Work instructions | In the records below, find the line that contains "Galatasarayda Barış Alper" and the line that contains "5th image of 1404 N Dearborn St", then retype exactly those two lines and every line between them.

Records for this task |
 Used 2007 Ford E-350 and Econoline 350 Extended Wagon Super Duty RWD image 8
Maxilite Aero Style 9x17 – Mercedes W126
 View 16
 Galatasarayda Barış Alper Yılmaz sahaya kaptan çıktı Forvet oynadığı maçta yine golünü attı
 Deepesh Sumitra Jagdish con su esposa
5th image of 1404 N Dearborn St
...
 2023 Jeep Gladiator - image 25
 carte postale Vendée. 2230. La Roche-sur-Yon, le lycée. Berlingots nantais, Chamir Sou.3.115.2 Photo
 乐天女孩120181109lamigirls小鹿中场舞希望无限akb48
--
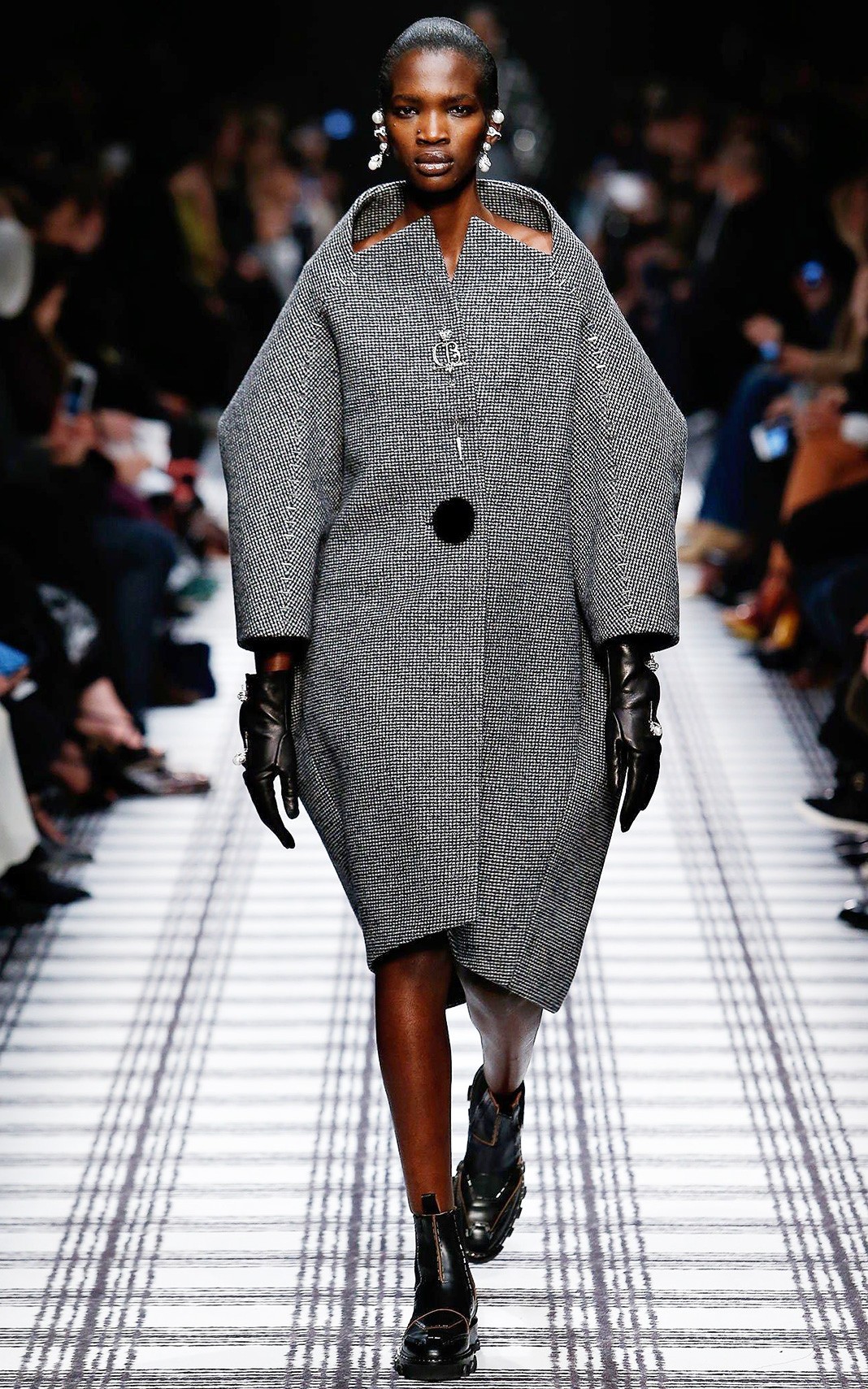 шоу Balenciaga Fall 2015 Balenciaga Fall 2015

Exercise output |
 Galatasarayda Barış Alper Yılmaz sahaya kaptan çıktı Forvet oynadığı maçta yine golünü attı
 Deepesh Sumitra Jagdish con su esposa
5th image of 1404 N Dearborn St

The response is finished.